Crime unit will "drop cases"


Crime unit will "drop cases"

Bill Goodwin
The UK's High-Tech Crime Unit will drop cases against computer criminals rather than risk losing the trust of businesses by disclosing commercially confidential information in court.

The police unit is drawing up contracts that will give businesses guarantees that it will either withhold confidential information during court cases or abandon the prosecution.

The move is designed to encourage firms to overcome a deeply ingrained reluctance to report computer crimes to the police - a trend that has led to a paucity of accurate information on the extent of computer crime in the UK.

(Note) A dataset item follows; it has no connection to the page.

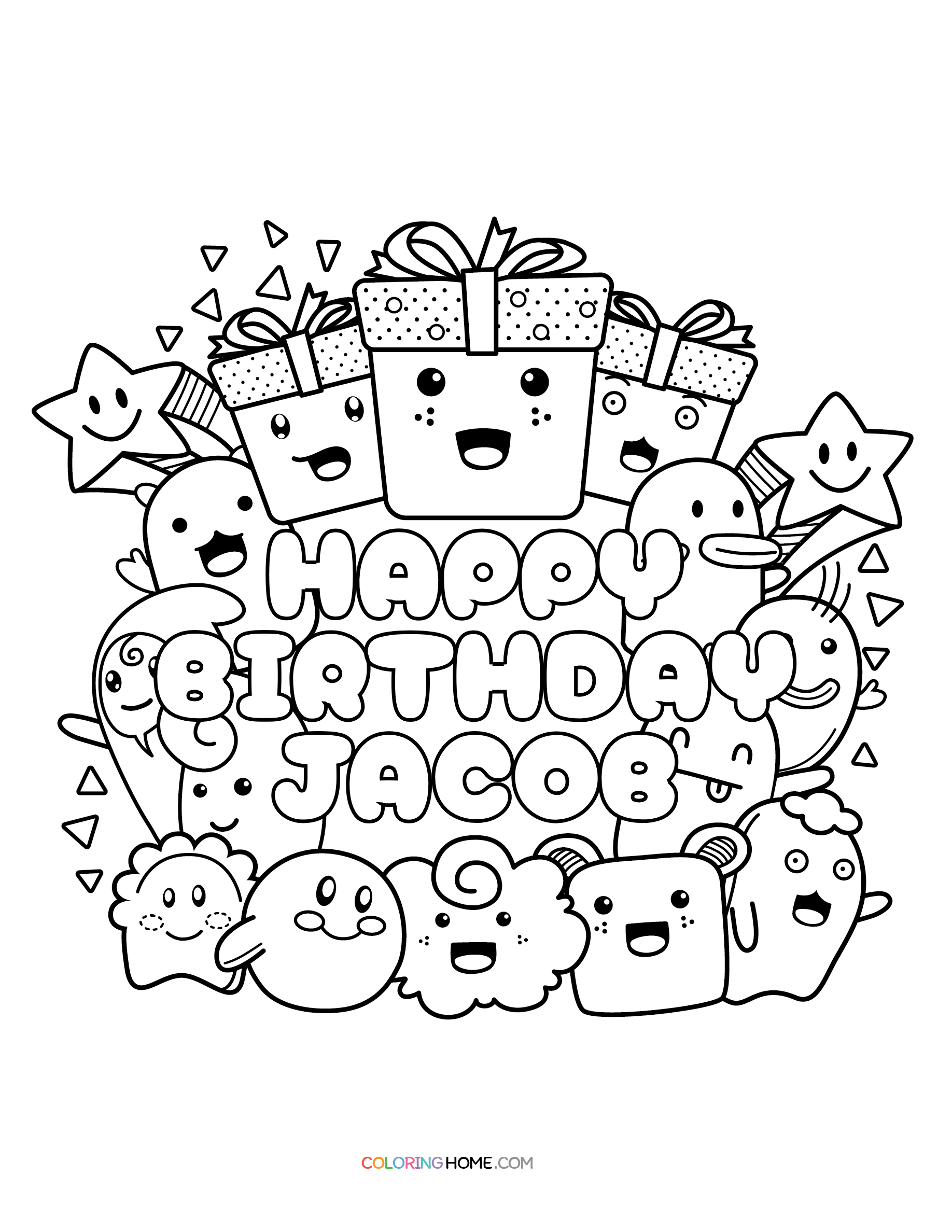 Happy Birthday Jacob Coloring Page Coloring Home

Under the new contracts, any information thought sensitive by a business will be wrapped up in a "sensitive schedule" of evidence during the investigation, detective chief superintendent Len Hynds, head of the High-Tech Crime Unit, revealed this week.

"At the time of the prosecution we will take the sensitive schedule to the judge. If we are successful, we can give companies an assurance that it will never be disclosed in court. If the judge rules it is not sensitive, we will negotiate with the Crown Prosecution Service and withdraw the prosecution," he said.

However, the contracts will make it clear that there may be circumstances where the police will be forced to divulge information to comply with human rights legislation, if, for example, there was a threat to life or the privacy of an individual.